Old photos are so full of people I just don’t talk to anymore. So what do I do with photos that make me uncomfortable? Like the angsty edgelord I am, I delete them. I tend to remove the photos I don’t like. There’s a reason why there aren’t a lot of photos of my life between the ages of 12-16. Those years weren’t great, so why document them?

But it goes beyond just being an aggressive editor of images. I’m also a huge editor of who can see what. Why do you think it took so long to finally make a Youtube channel or why so many friends have failed to do a successful podcast with me? I’m a great podcast guest but I’m not great at running one with friends. I’m image conscious and pain averse.

This method does go perfectly fundamentally how I use Facebook, Twitter and most things digital: I use them as a simulacra of me.
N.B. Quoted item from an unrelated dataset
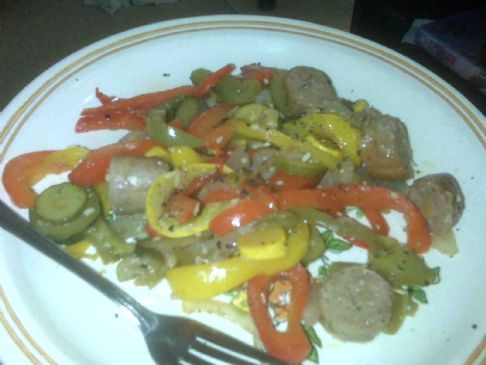 Image of Weight Watchers Balsamic Sausage And Peppers, Spark Recipes
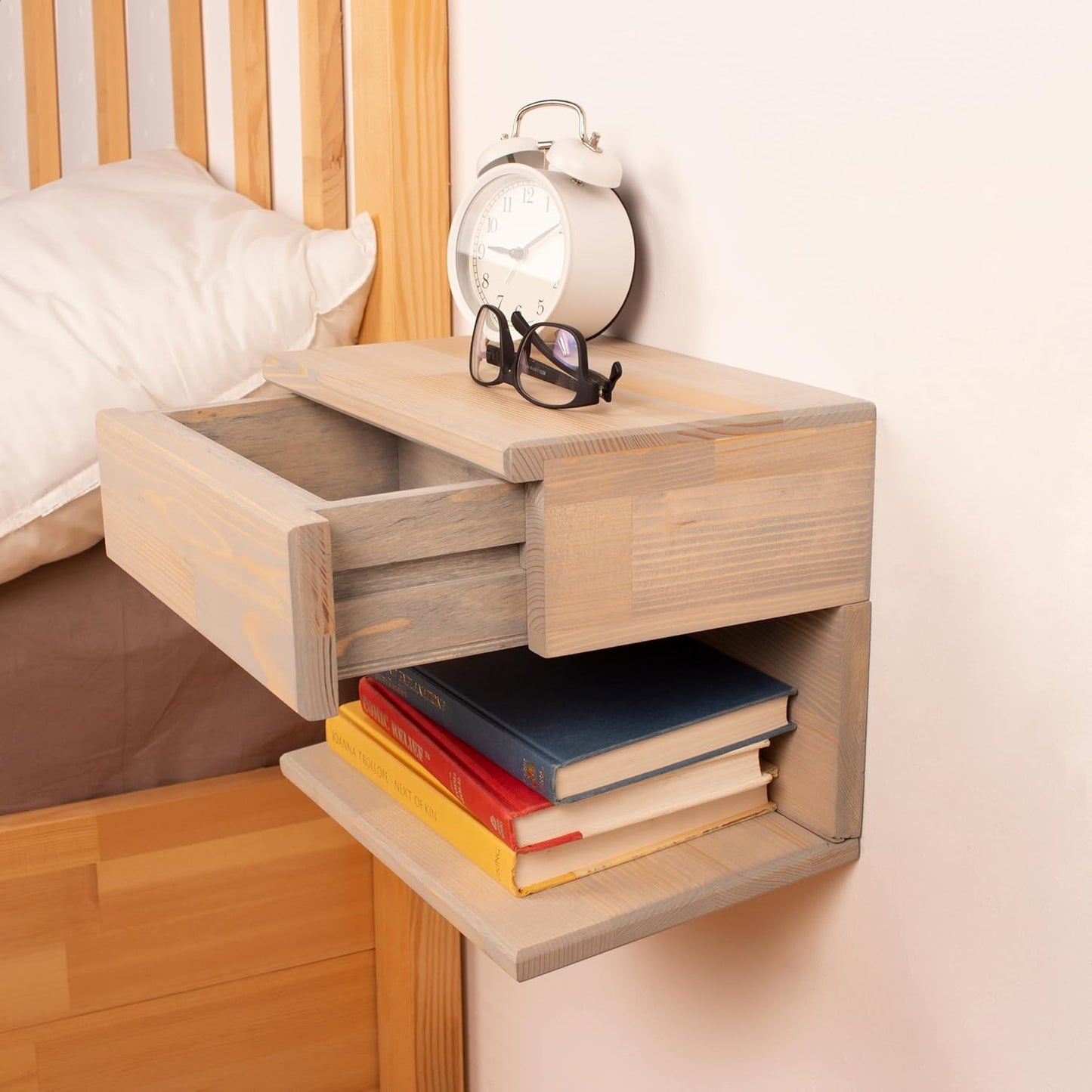 Floating Nightstand Side Accent or End Table with Storage Drawer, Wood Bedside Shelf, Handmade Floating Table, Nightstand Shelf (Istanbul)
I’m part of the “yearbook” camp of Facebook use.  Facebook is meant to be the thing people see that can be pieced together to form one complete Amanda.

But in those photos, I do have a piece of me in each one. I had these people in my life. Their stories matter or at least they did as of the picture taken. And in those old photos are plenty of pictures I want to keep. Pictures of Mandy. Pictures of my mom: some of the last of her life. From my trip to Disney that I enjoyed more than my little cousin. From conventions. Of a thinner me. Of a me in power of an anime club. Of former lovers and former friends. There are traces of me in every single photograph and maybe, just maybe I shouldn’t delete them.

Or I should. No one will know. I don’t talk to these people anymore.